Congestion Forcing Chinese Airlines Away from Big Three Airports
Congestion at China’s three major international airports–Beijing Capital, Shanghai Pudong and Guangzhou Baiyun–has quashed Xiamen Airlines’ plans to offer long-haul nonstop flights from the People’s Republic using Boeing 787s starting in August next year. Increasing demand for slots from foreign airlines and China’s four big carriers to operate point-to-point services from the three big airports leaves smaller carriers such as Xiamen no choice but to look at other Chinese cities as ports of entry into China. Air China, China Southern Airlines, China Eastern Airlines and Hainan Airlines dominate the long-haul routes from Beijing, Shanghai and Guangzhou to Europe and the U.S., mostly through one of the three big hubs.

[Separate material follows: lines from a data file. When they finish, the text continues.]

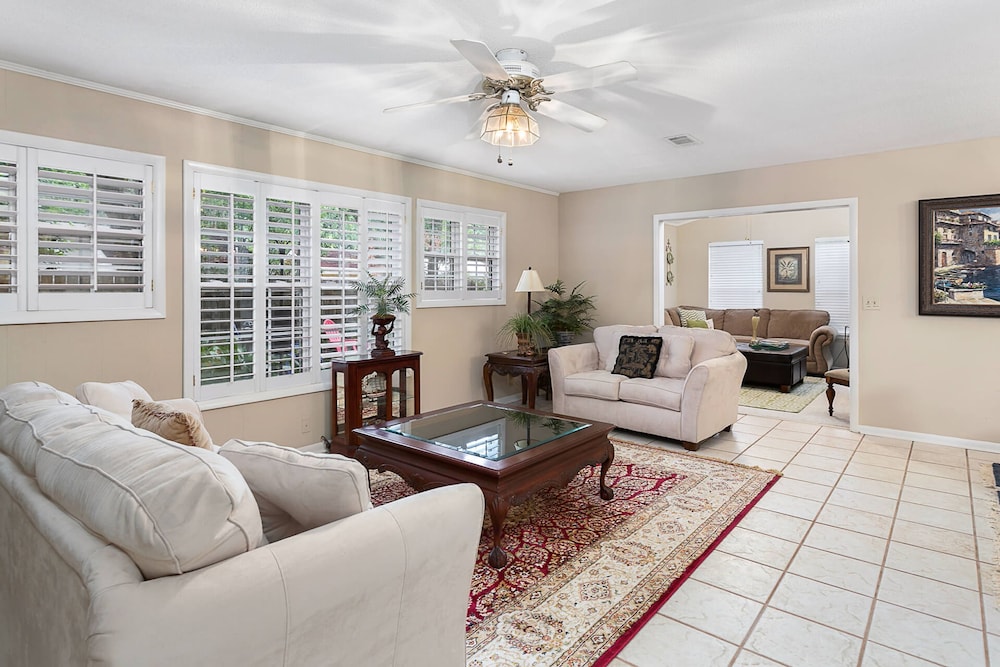 11908 Old Demere Rd by Hodnett Cooper - Property Image 14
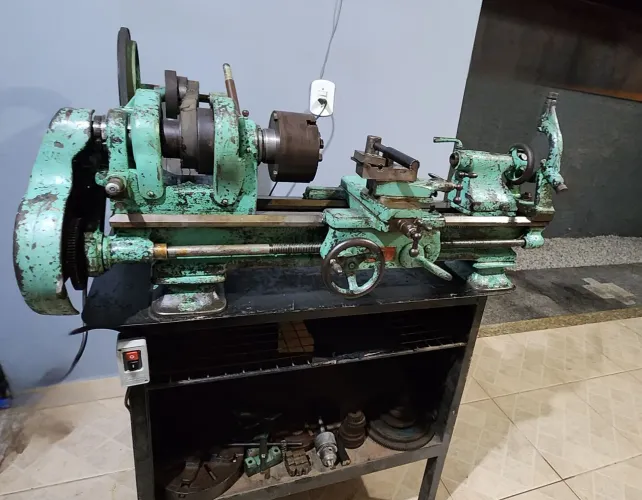 Torno Mecânico de Bancada TM-1 Herrero 240x400mm.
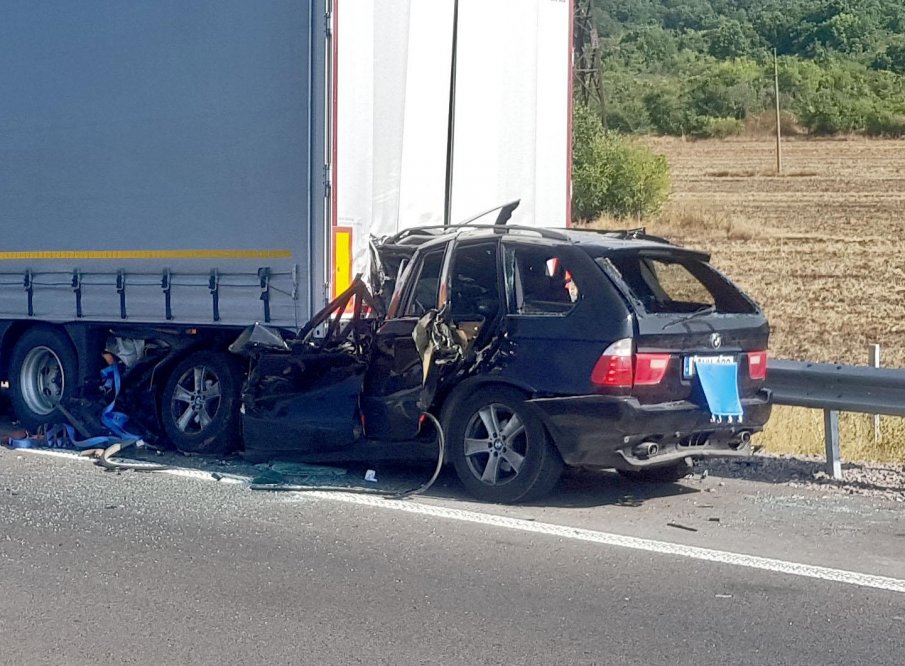КЪРВАВ УЖАС: Тежка катастрофа край Драгоман! Джип се вряза в ТИР, трима загинаха, една от жертвите е бебе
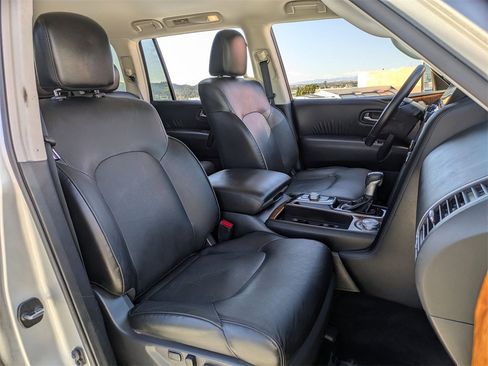 Used 2024 Nissan Armada SL image 28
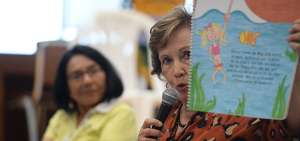 La escritora Margarita Barriga realiz&oacute; una din&aacute;mica de lectura teatralizada con su cuento M&iacute;a se va de paseo..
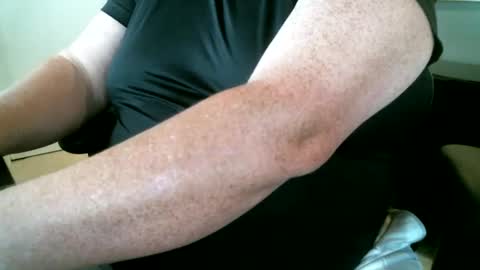 Snapshot of 4bgdaddyks chatting on October 2025 01:51:02 PM 4bgdaddyks online show from October 2025 01:51:02 PM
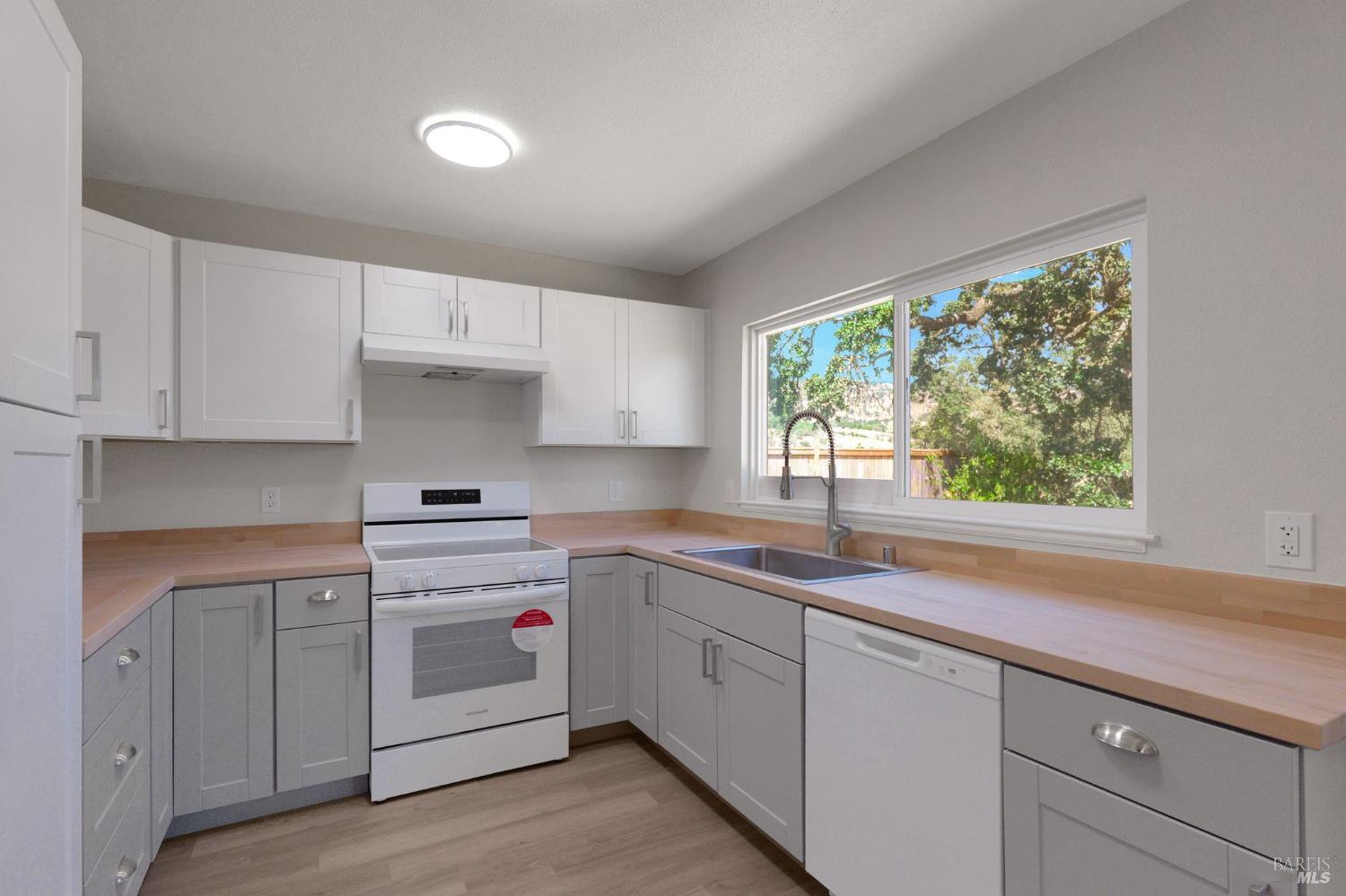 Detail Gallery Image 16 of 38 For 1120 Soda Canyon Rd, Napa,  CA 94558 - 5 Beds | 3 Baths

According to a Xiamen Airlines spokesperson, the carrier will operate the new planned services nonstop from Xiamen Gaoqi International Airport. The spokesperson said the airline has started the process of applying for landing rights in several cities in Europe, the U.S. and Australia. It has already secured the rights to fly to Amsterdam.

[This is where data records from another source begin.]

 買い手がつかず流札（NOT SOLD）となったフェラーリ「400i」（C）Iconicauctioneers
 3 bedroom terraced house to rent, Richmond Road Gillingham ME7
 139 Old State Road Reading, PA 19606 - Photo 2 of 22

A member of SkyTeam Alliance, Xiamen Airlines holds a firm order for six 787s, scheduled for delivery from July next year to June 2015.

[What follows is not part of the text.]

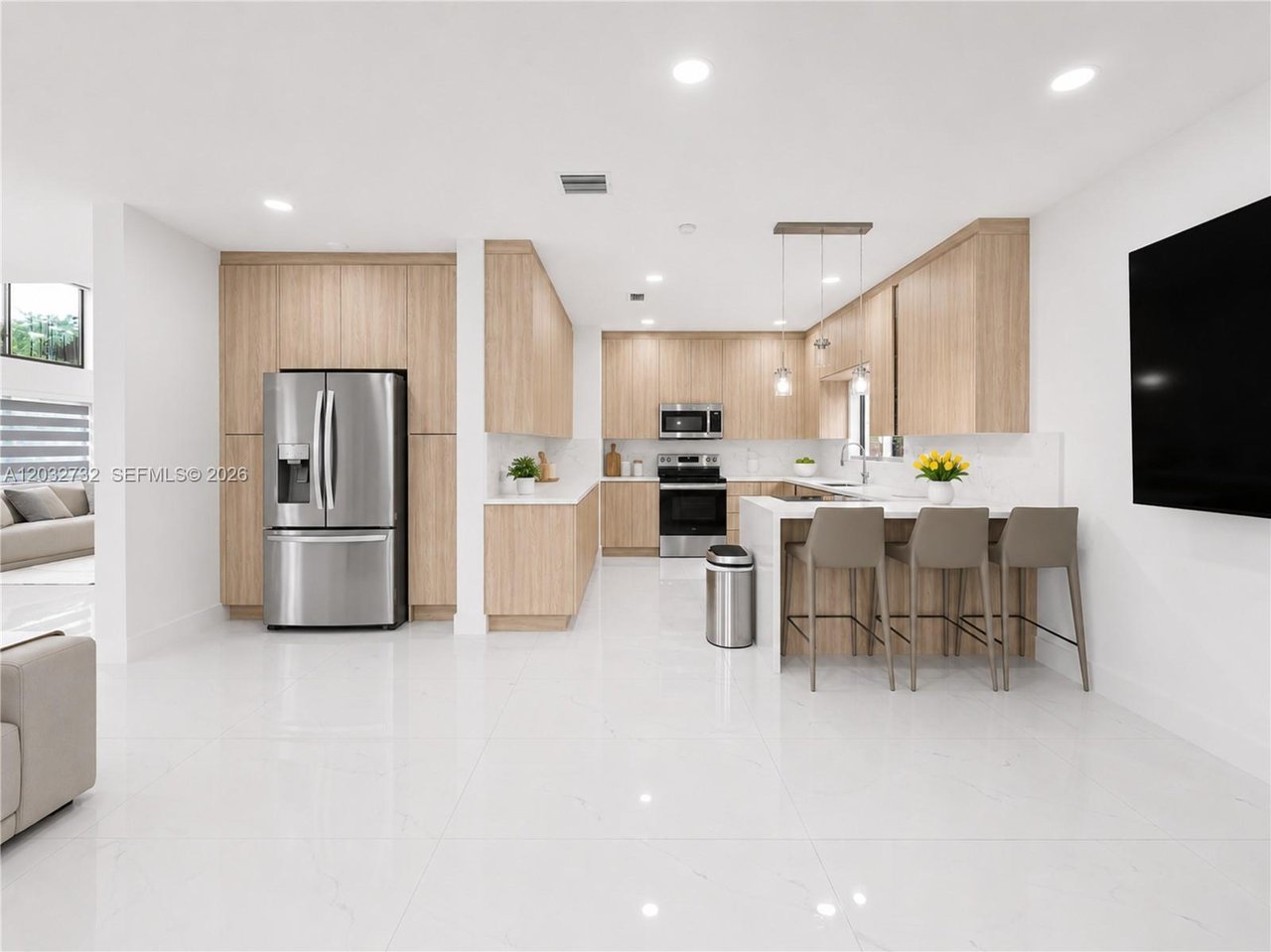 15490-sw-18-lane-miami-fl-pool-home-sold-dining-area-kitchen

Xuan Xee, an official at the Civil Aviation Administration of China (CAAC) in Beijing, said the three major airports have seen increasingly heavy demand for slots from airlines that want to increase frequencies and others that want to launch services.
Beijing Capital (BCIA) saw 557,167 aircraft movements and accommodated 81.2 million passengers last year, up 10.6 percent, while Guangzhou’s (GBY) 48.32 million passengers represented an increase of 7.3 percent and Shanghai’s 44.2 million accounted for an 8.22-percent jump.
BCIA’s volume ranked second only to that of Hartsfield-Jackson Atlanta International Airport, which handled 95.49 million passengers.
BCIA and GBY have exceeded the airports’ design capacity of 76 million and 40 million respectively. The country has started building a second airport for Beijing while construction for a second terminal and a third runway has begun at GBY.
Xiamen Airlines, the first private Chinese carrier, began operations in July 1984. It is 51 percent owned by China Southern, 34 percent by Xiamen Construction and Development Group and 15 percent by Tizhong Energy Group.
The airline operates a fleet of 76 Boeing 737-800s, seventeen 737-700s and six 757s on a network of 62 domestic destinations and 25 international routes covering Japan, Korea and Southeast Asia.
In another development, Hainan Airlines plans to double its twice-daily Beijing-Chicago service in December and switch equipment from the Airbus A340-600 to the Boeing 787.